Il Ministro Poletti ha parlato di “governance del lavoro” perché l’impatto che avranno le nuove tecnologie necessità di attenzione” e ha rilanciato, presentando alla stampa, un forum sul lavoro che includa tutti gli attori interessati. Quale il ruolo delle Casse di previdenza?

“Le Casse di previdenza e assistenza (non dimentichiamolo che sono anche di assistenza) devono essere protagoniste di questa fase di progettazione del lavoro alla luce dei cambiamenti tecnologici, specie quelli determinati dalla rivoluzione digitale. Speriamo che la proposta di un forum sul lavoro con tutti gli attori interessati si realizzi davvero e, soprattutto, che non sia solo una sede in cui prendere atto di decisioni maturate altrove. Lo spostamento del baricentro attentivo dalla previdenza all’assistenza giustifica questo coinvolgimento attivo delle Casse che, grazie all’Adepp, stanno facendo sinergia in molti ambiti. Dunque, il nostro ruolo deve essere quello di proponenti, di consulenti, di mediatori fra il decisore pubblico e gli iscritti che chiedono a noi di rappresentare le loro istanze, spesso frutto di enorme disagio e preoccupazione”.

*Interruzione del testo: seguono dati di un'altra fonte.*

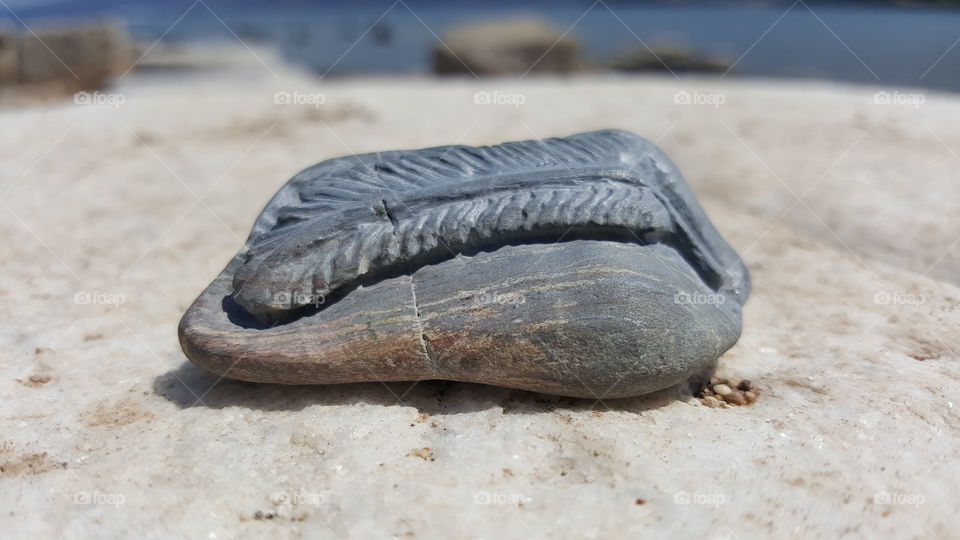 Feather.  Once was just a pebble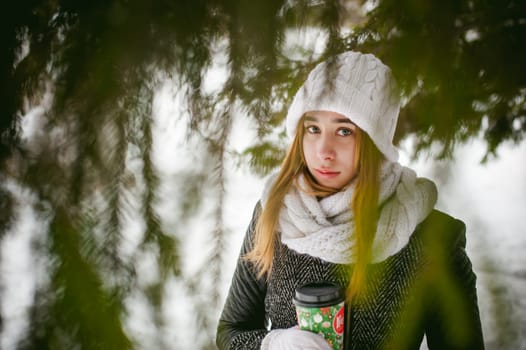 Portrait of cute woman in white scarf and hat knitted coat on outdoors background of snow and blurred fir branches in winter. girl holds a coffee cup in hand, christmas takeaway coffee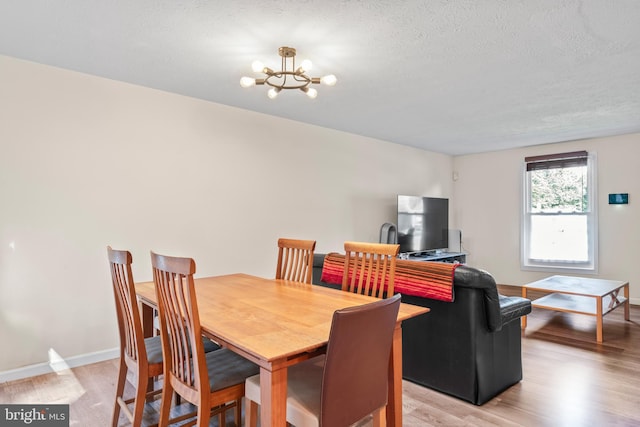 7627 Fallswood Way, Lorton, VA 22079 - dining area with a chandelier, light wood-style flooring, and a textured ceiling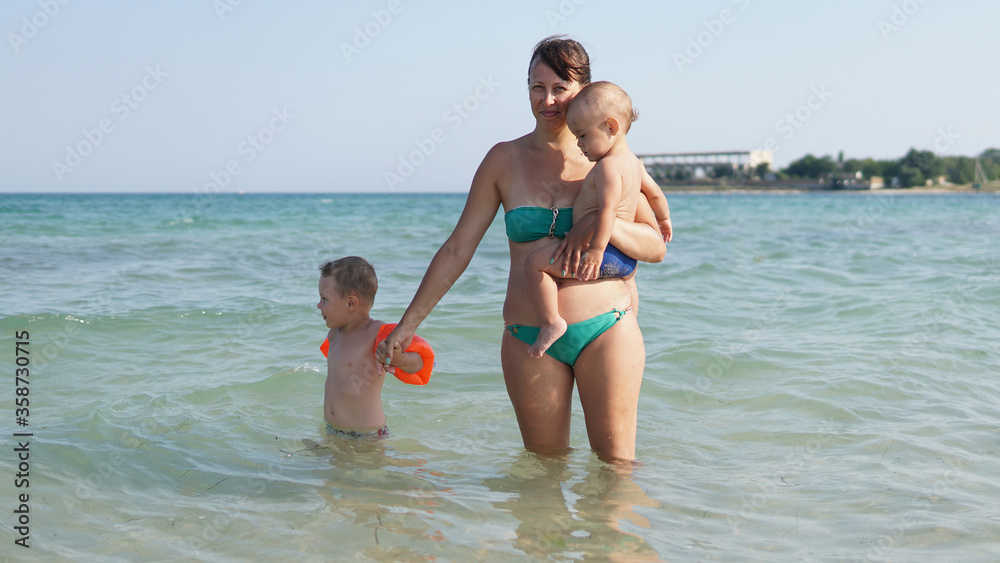 Young mother standing in water in sea with two little boys Young mother standing in water in sea with two little boys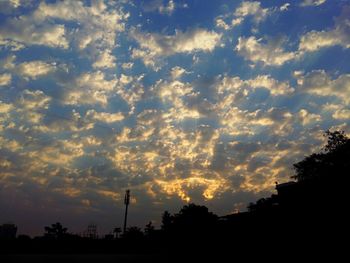 Low angle view of silhouette trees against sky during sunset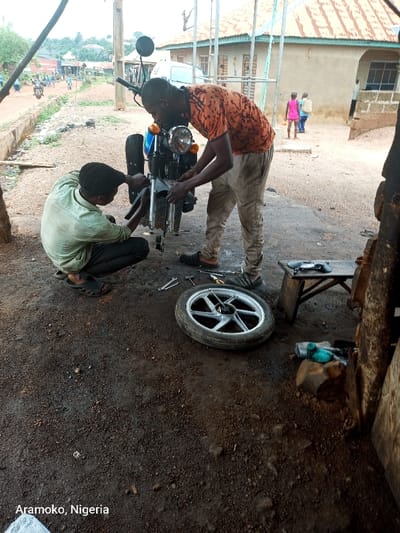 The image shows two men working on a motorcycle in a dirt lot. The man on the right is standing and using tools to remove the front wheel. The man on the left is kneeling and appears to be holding a wrench. There are other tools, a removed wheel and a small wooden stool in the foreground. In the background, there are a number of buildings, including a small house and a larger structure that appears to be a shop. The buildings have painted brick exteriors. The scene takes place in the town of Ilobu in the state of Osun, Nigeria, at the coordinates (7.835, 4.479). The ground is covered in loose gravel. There are a few trees in the distance. There are two young girls in the background, on the other side of the street. They are walking away from the camera. The day is sunny and the sky is clear. The men are dressed in casual clothing. The image was taken at a low angle.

Il Ministro ha anche accennato ad un welfare strategico che superi il welfare state. Da dove partire?

“Dobbiamo partire da quello che sta facendo l’Adepp. E’ corretto superare il modello del welfare state (almeno nella concezione tradizionale, frutto di politiche di matrice keynesiana non più praticabili a causa delle condizioni della finanza pubblica) a vantaggio di un nuovo modello che, lasciando autonomia alle Casse, metta le stesse in grado di assolvere alla funzione assistenziale, oltre che a quella previdenziale. Assistenza passiva, ma anche attiva. Un’assistenza strategica poiché capace di affiancare alle misure erogate in caso di necessità, a sostegno della famiglia, della professione e per ragioni di salute, altre in grado di investire nel futuro, nella formazione per esempio. Un approccio capace di dare impulso allo sviluppo delle professioni, coniugando i valori della sostenibilità economica con quelli della sostenibilità sociale. E’ la dimensione orizzontale la cifra del nostro tempo. E le Casse devono essere pronte a questa sfida”.

Cassa forense oltre la crisi della professione per una internazionalizzazione del lavoro e dei mercati?.

“Ce lo ha detto il Censis con il suo rapporto sullo stato dell’avvocatura. Dobbiamo superare il modello individualistico, soggettivistico della professione. Dobbiamo favorire sempre di più specializzazioni al passo con i tempi, preparare i colleghi ad affrontare un mercato di dimensioni trans-nazionali, studiare nuove forme di sviluppo della situazione relazionale interne ed esterne, come quelle con la nostra clientela, sempre più esigente e sempre più capace di scegliere ciò che le serve in termini di problem solving. La crisi delle professioni, compresa quella forense (dovuta a fattori esogeni ed endogeni all’avvocatura stessa) si contrasta anche in questo modo. Cassa forense è pronta a fare la sua parte. Anzi, lo sta già facendo”.